Exercise brief ->
Output only the lines that run from the line holding "September 3 - Kazakhstan" to the end of the data below, including both ends, without any pictures.

Records to process ->
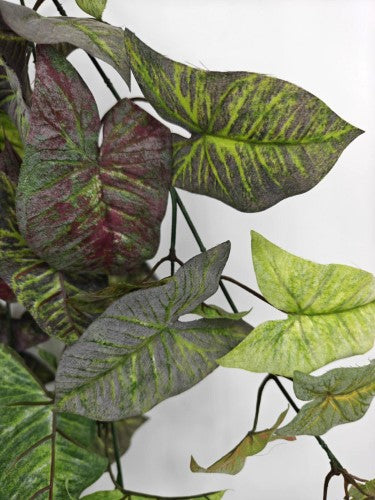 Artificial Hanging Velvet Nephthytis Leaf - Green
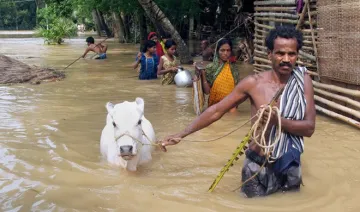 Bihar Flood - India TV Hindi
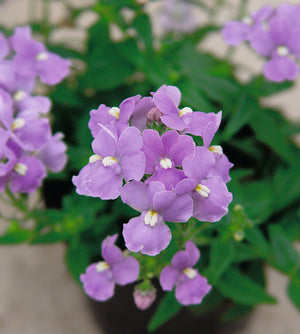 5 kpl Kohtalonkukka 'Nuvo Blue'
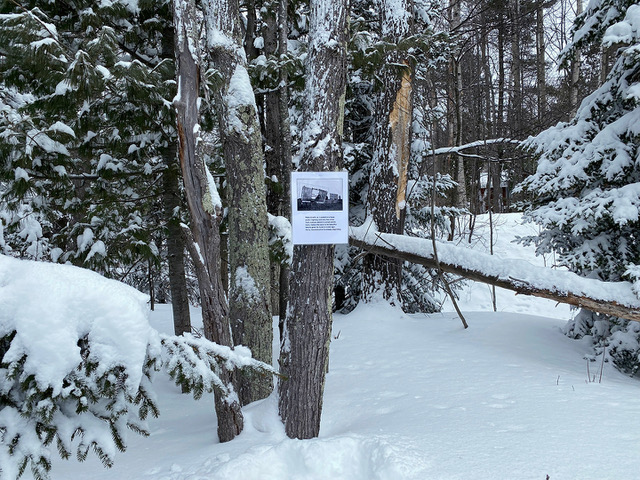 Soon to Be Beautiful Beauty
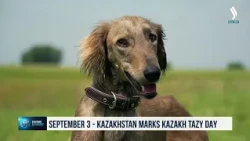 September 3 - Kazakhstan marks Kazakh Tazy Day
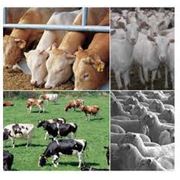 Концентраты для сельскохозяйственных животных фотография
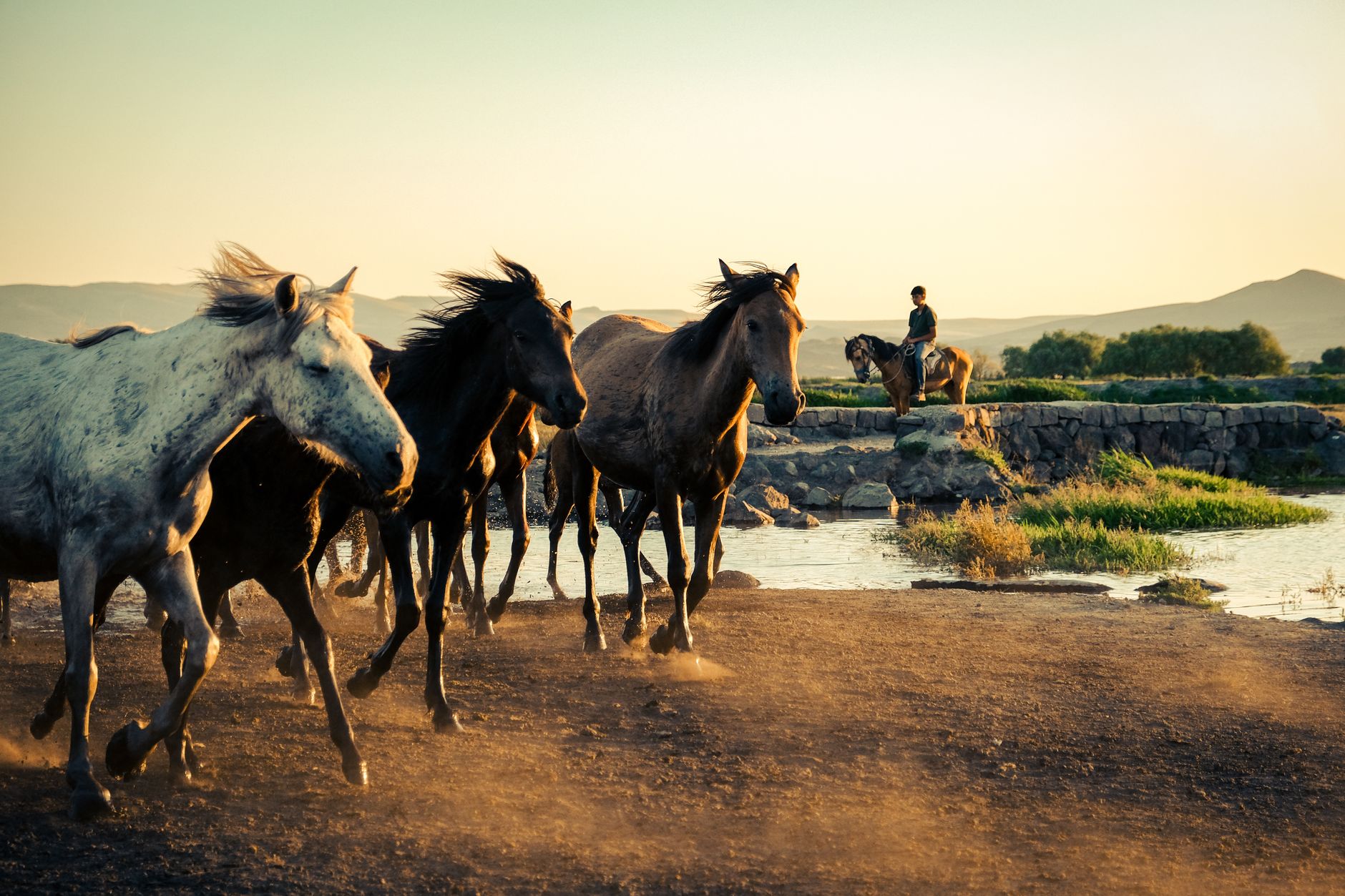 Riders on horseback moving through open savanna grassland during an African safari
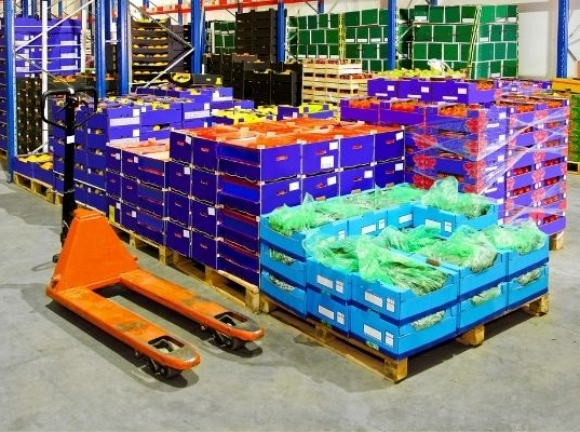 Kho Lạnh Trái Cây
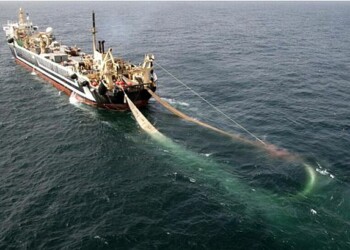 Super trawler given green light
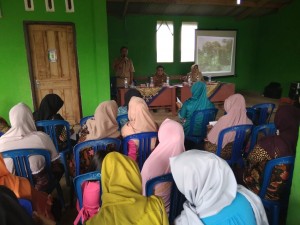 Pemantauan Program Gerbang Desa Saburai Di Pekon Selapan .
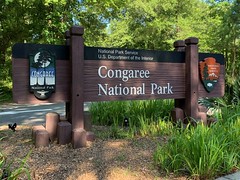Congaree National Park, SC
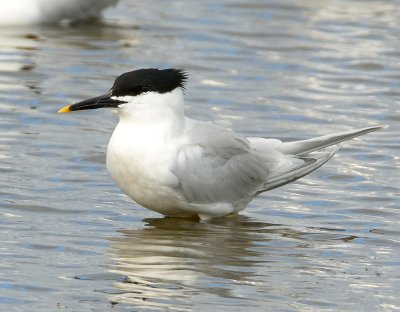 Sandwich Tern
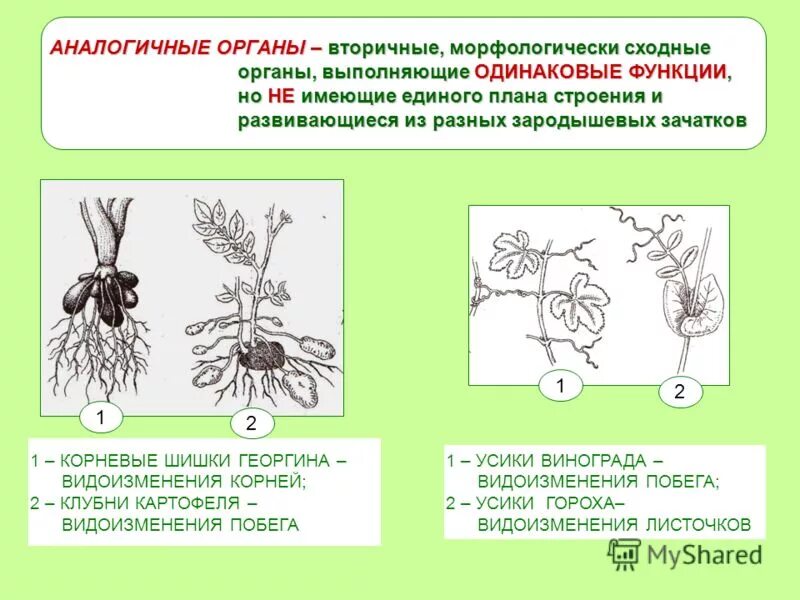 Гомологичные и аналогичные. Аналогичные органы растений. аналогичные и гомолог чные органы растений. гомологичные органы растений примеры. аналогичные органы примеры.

Task response ->
 September 3 - Kazakhstan marks Kazakh Tazy Day
 Концентраты для сельскохозяйственных животных фотография
 Riders on horseback moving through open savanna grassland during an African safari
 Kho Lạnh Trái Cây
 Super trawler given green light
 Pemantauan Program Gerbang Desa Saburai Di Pekon Selapan .
Congaree National Park, SC
 Sandwich Tern
 Гомологичные и аналогичные. Аналогичные органы растений. аналогичные и гомолог чные органы растений. гомологичные органы растений примеры. аналогичные органы примеры.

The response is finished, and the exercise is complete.